調査は日経リサーチの協力を得て愛知、岐阜、三重に本社を置く主要338社を対象に2月7日〜4月4日に実施。164社から回答を得た。
非製造業は23年春実績と比べ25%増えた。同13%増の製造業と比べ非製造業は採用数の伸びが顕著だった。採用数が最も多かったのはドラッグストア大手のスギ薬局で1.8倍となる850人の採用を計画している。
物流大手トランコムは23年春の実績と比べほぼ倍増の80人。主力事業で、荷主企業とトラック事業者を仲介する事業が好調なほか物流センター運営も堅調に推移しており、事業拡大に合わせて採用も増やす。
対面面接を重視
新型コロナ禍に見舞われた間も本来なら採用数は増えるはずだったが「オンライン面接が中心になったことで人材や人物像を見極めていくことが難しくなり、企業風土にあった人をとるのが困難だった」(同社)として対面面接を重視する。
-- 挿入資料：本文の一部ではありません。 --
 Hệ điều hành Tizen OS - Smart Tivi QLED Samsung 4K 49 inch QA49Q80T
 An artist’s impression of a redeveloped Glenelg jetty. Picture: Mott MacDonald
保育園や児童館の運営を手がけるJPホールディングスはグループで2割増を見込む。リモートワークからオフィスへの出勤が戻り学童クラブの需要増が期待できる。児童を見守る職員の採用を増やすほか、保育園で英語や音楽などのプログラムも強化しており専門人材の採用に力を入れる。
アルペンは店舗スタッフ拡充のため3割増の110人を採用する計画だ。同社は近年、都市部への出店に力を入れており22年4月には東京・新宿にグループ最大級の店舗を開業した。
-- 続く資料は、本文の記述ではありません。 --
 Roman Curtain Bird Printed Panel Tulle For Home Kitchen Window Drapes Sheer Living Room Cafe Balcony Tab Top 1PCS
金融機関の採用意欲も旺盛だ。十六フィナンシャルグループ(FG)は21年に持ち株会社化し、街づくりを担う専門会社を設けた。銀行業務に限らず「より多様な人材をとりたい」と話す。社員の知人や友人を介した「リファラル採用」も取り入れている。
製造業では新型コロナ禍で採用を抑えていた企業も多い。リンナイはほぼ倍増の134人を見込む。新型コロナ禍によるサプライチェーン(供給網)の混乱が業績の重荷となり、採用人数を抑えていたが「ここ数年とれなかった人員を充足したい」(担当者)。
電動化など備え
電動化やデジタル化、海外事業の拡大投資に備えた人材確保に踏み切る企業も出てきた。
イビデンは14人多い132人の採用を予定している。岐阜県で半導体関連部品の「ICパッケージ基板」を生産する新棟を建設中だ。「中長期では高機能ICパッケージの需要は続くとみており、エンジニアをはじめ人材が必要」としている。
トヨタ紡織は前年実績の1.5倍となる155人を計画する。同社は主に自動車のシートの生産を手がけているが、車内空間の新たな価値の提供を模索している。新卒採用を増やし次世代のサービス提供に備える。
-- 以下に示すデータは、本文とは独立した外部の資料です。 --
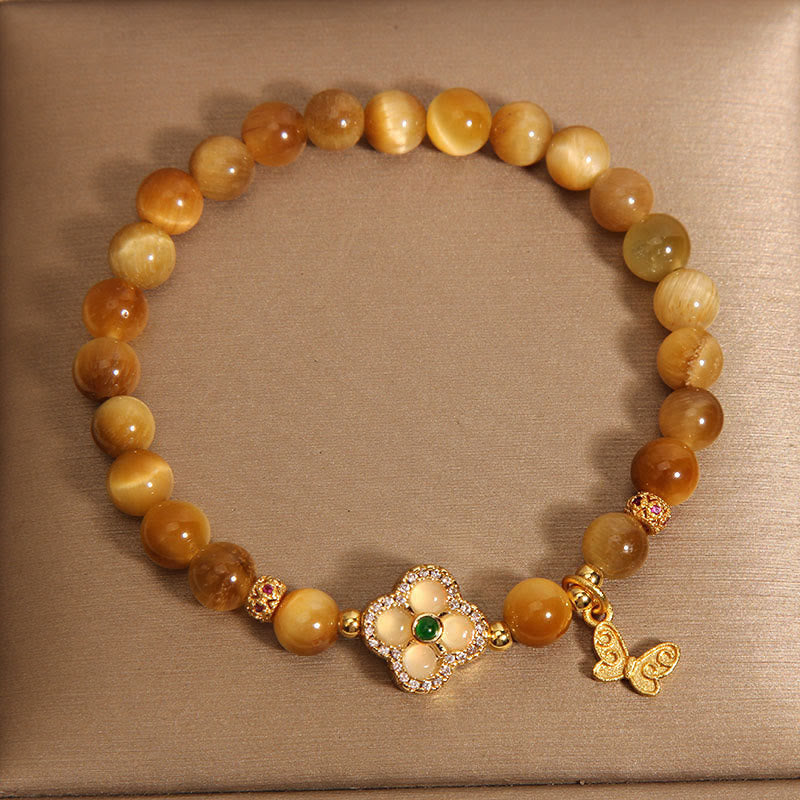 Pulsera de Protección de Buddha Stones con Ojo de Tigre y Mariposa de Trébol de Cuatro Hojas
厨房機器大手のホシザキはグループ全体で約170人の採用を予定する。海外事業の拡大を見据え23年春よりも4割増やす。「若年層の雇用の流動性が高まっていることも考慮した」
新卒で補えない分や即戦力確保へ中途採用を増やす企業も増えている。中部企業は中途採用を23年度に21%増やす。22年度は11%の実績だった。調査では中途採用を増やす狙いとして既存事業の拡大(62%)をあげた会社が最も多かったほか「デジタル化対応などで専門人材が必要」(36%)といった声もあった。
アイシンは大卒の採用が前年実績と比べて9%減の184人の見通しだが、中途採用見込みと合わせるとほぼ同数となる計画。「電動化やソフトウエアなど将来領域の育成に向け、即戦力となる人材を獲得する」としている。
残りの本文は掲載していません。